The root of Bell's night terrors is the telltale sign of the Oklahoma: tackling dummies laid down lengthwise on the field to create a narrow alleyway no more than two yards wide. When called out by coaches, three players -- a defender, a blocker and a ball carrier -- must override the alarms of danger and doubt screaming inside their heads and step into the gauntlet, framed by a frenetic mosh pit of teammates. The task is simple: hit faster, hit harder, conquer. The ball carrier crouches in the backfield as his blocker squats and puts his fist in the dirt. Across from him, the defender does the same. A split second of calm passes as the crowns of their helmets nearly touch. The whistle wails. The players explode into each other like runaway trains. Helmets crack. Joints grind. Feral groans and whimpers escape involuntarily. The back looks for a sliver of space, then tries to pile-drive his way to daylight. When one side has asserted its will, usually in just a few seconds, it's over. As Bill Belichick says, the power of the Oklahoma is the way it quickly answers the most essential questions in football: "Who is a man? Who's tough? Who's going to hit somebody?"

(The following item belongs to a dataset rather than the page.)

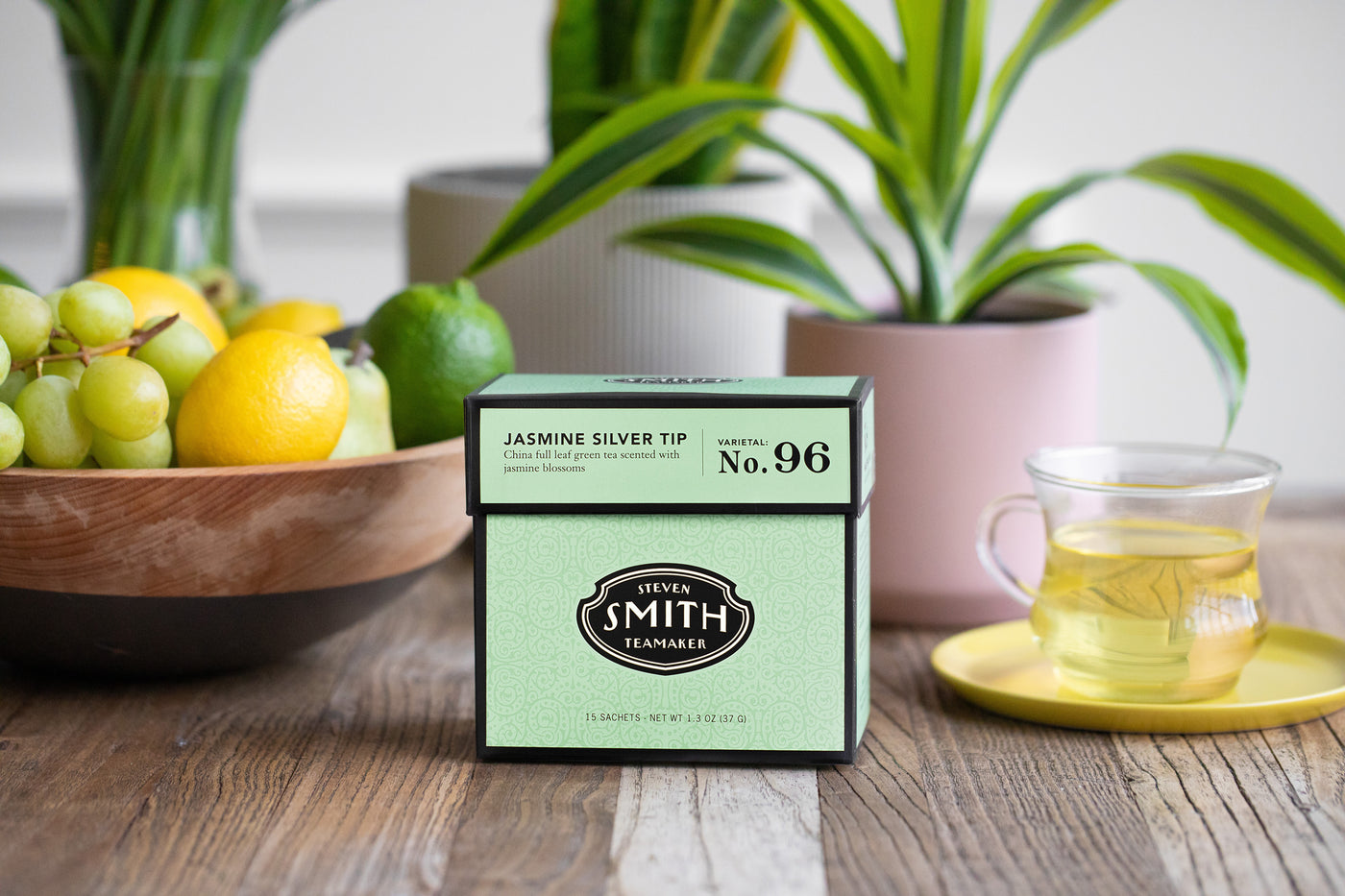 Box of Jasmine Silver Tip green tea on a table next to a clear tea cup filled with green tea.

"There's only one way through: straight forward or straight back," Bell says. "That makes it a moment of truth, a do-or-die thing, for every player."

Especially here in Norman, where the Oklahoma drill was invented some seven decades ago. Since then, it has spread and grown to become an annual rite of passage for players. It's one part time-honored tradition, one part skill-building exercise, one part utterly insane, head-on car crash. And there's nothing like it anywhere else in sports, which might be a good thing. In the post-concussion era, the Oklahoma encapsulates the psychological push and pull of the game -- a secretly thrilling and at times sickening three-second snapshot of everything we love and now fear about football.

With practice looming the next morning, Bell sits up in bed and grabs his phone. He knows exactly whom to call. In the late 1970s, his father, Mark Bell, was a fast, snarling, contact-craving tight end and defensive end at Colorado State and for five seasons in the NFL with the Seahawks and Colts. Coaches at Colorado State used the Oklahoma as a kind of human cockfight, pitting Mark against his hard-charging twin brother, Mike, a defensive end, to pump everyone up for the true beginning of the season, the first day of hitting in practice. The brothers didn't mind. They loved that the drill was less about technique or talent and more about measuring the willingness to fight.

Thirty years after Mark last stepped into the fire, he knew immediately what the call from his son was about. No two words evoke more pain and pride in former players than Oklahoma and drill. Even before saying hello, Mark, with a twinge of nostalgia in his voice, summed up the drill the best way he knew how.

"Time to get your mean on, son."

AT 8:30 THE next morning, Barry Switzer, dressed in golf shorts and a light blue T-shirt, steps out of his home on the edge of OU's campus and strolls down the shady side of Chautauqua Avenue toward the football practice fields. Spry and feisty at 77, the Hall of Fame coach, one of only three men to win a national championship and a Super Bowl, never misses the first day of contact. By the time he arrives, the scorching prairie sun has already cooked the wet, thick grass into something that feels like a microwaved sponge. Switzer, though, snarls at the first person who offers him a bit of relief. "No shade," he says out of the corner of his mouth. "Oklahoma drill day. Suck it up."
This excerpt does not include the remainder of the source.